Archive for the 'Third Trimester' Category

Handmade

Acupuncture has brought on more frequent practice contractions, and S is feeling more and more strongly like things are moving. Hopefully this weekend it’ll be go time.

In the meantime, I wanted to post some picts of various things people have made for the baby. One side effect of the pregnancy that I didn’t anticipate was how much fun it would be to have someone to make things for!

Just one of the sweaters S has knit for him

Just one of the sweaters S has knit for him

A colorful quilt from the mum-in-law

A colorful quilt from the mum-in-law

Solar System mobile parts

Solar System mobile parts

The Milky Way

The Milky Way

The completed mobile in action

The completed mobile in action

Evasive Action!

My friend C said that she imagines the midwives “standing around in a cluster, with long flowing grey hair and purple robes and gnarled canes.” That’s not the case at all! Except for one–who’s more like a wise, old grandmother–they’re young and hip. Still, they did recommend some old school methods of kick-starting labor:

  • Plenty of walks and activity
    Spicy food
    Sex
  • They also recommended hot baths to relieve the pelvic pain, which is being caused by a loosening of S’s ligaments.

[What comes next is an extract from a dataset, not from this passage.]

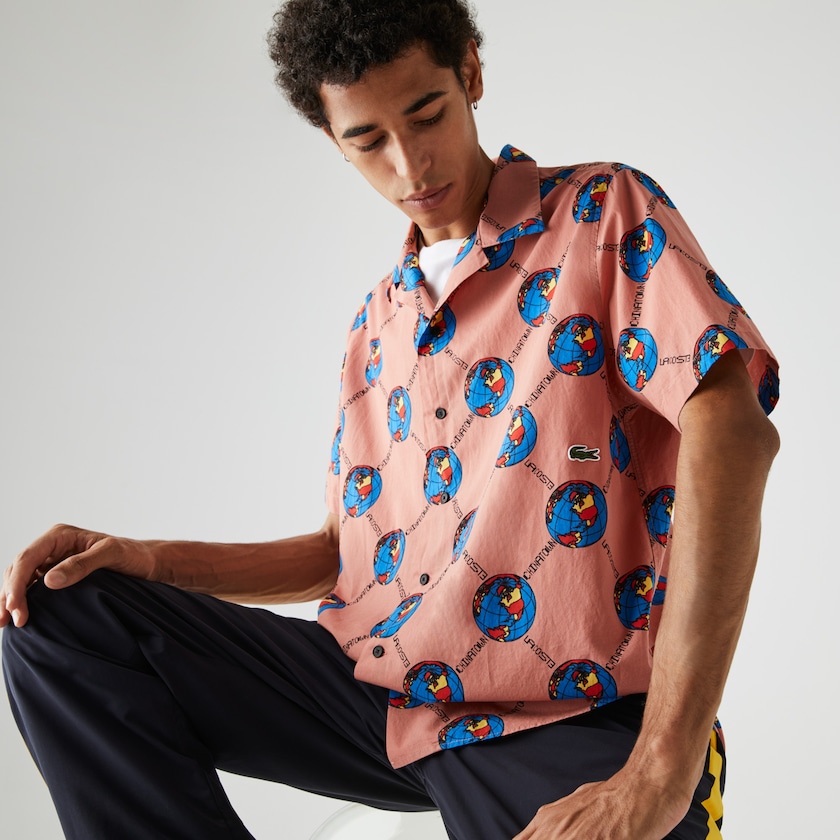 Camisas Lacoste Masculino Rosa Branco LIVE Chinatown Market Collaboration Print ED7-55175Q0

    So after an hour plus of garden work, S took a long bath. And I’m off to pick up some Indian food, which we will gorge ourselves on before making passionate though not terribly athletic love. If nothing changes by Sunday, and if no other moms have gone into labor, than S may take Castor Oil. That’ll cause diarrhea (as will the Indian food) and get that baby moving. (We hope!)

    Part of our urgency stems from S’s discomfort. Also, if she reaches week 41 then we risk out of the birthing center. If all’s still quiet by next Wednesday, then the midwives will gather round their cauldron and stimulate S’s membranes–ancient magic from the pagan days! Seriously, I have no idea yet what that means.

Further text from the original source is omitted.